Here is what she actually said:
"That luxury jet was over the top. I put it on eBay."
Read her words slowly. She doesn't say she sold it on eBay but that she "put it on
eBay." The truth is that is exactly what she did. It did not sell on eBay so it was sold later
and thus she said nothing untruthful or misleading at all. If this is how we hear speakers I fear
we can never recover anything like civility in the election.
Why do I sense a desperate attempt here to try to show that Sarah Palin is a liar so that she can
be discredited in this silly kind of plea?
This is why I do not trust the Internet "rumors" and the news media analysis in general. Someone
ought to go back and listen to what she said and read the text itself. In the day of instant
Internet accessibility it is not that hard to do.
I was also sent a You Tube copy of a short message Governor Palin gave to a Christian school that
meets at First Assembly of God in Wasilla. I can see how the media will truly pounce on this when
it gets circulated. I watched it very carefully. The pastor some things about the "last days"
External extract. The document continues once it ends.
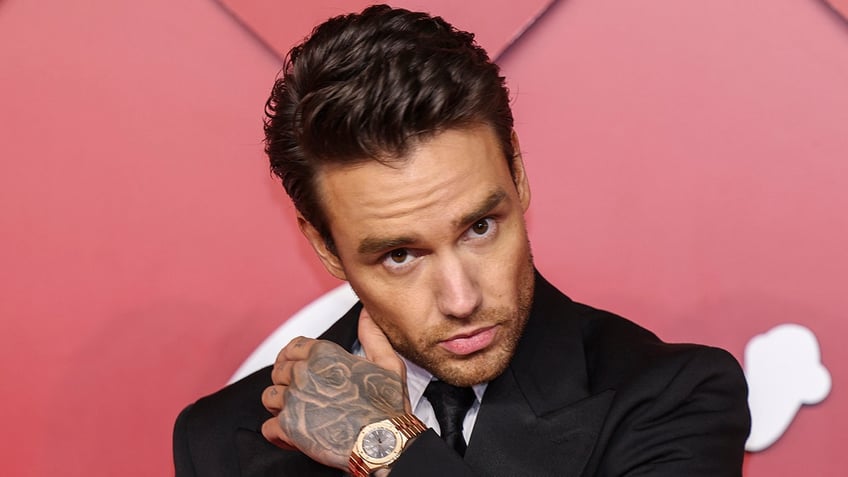 Liam Payne shows hand tattoo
that I found rather typically off base and Governor Palin offered no response. Does this prove
she is dangerous because of "last days" theology of this pastor who is not even her
pastor now? (I can see a tit-for-tat going here. Obama had a pastor say some crazy things for
sure so now we will try to dig out something a pastor related to Sarah Palin also said. It made
me wonder what I might have said over the years that could be clipped and used against me.) There
is no hard evidence I have seen that Palin is a "last days" zealot in her personal views but I
would expect this will make the rounds as well since the MSM has next to no ability to discern
Pentecostalism in any serious sense at all. I expect this clip will freak out a lot of
non-Christians who see it.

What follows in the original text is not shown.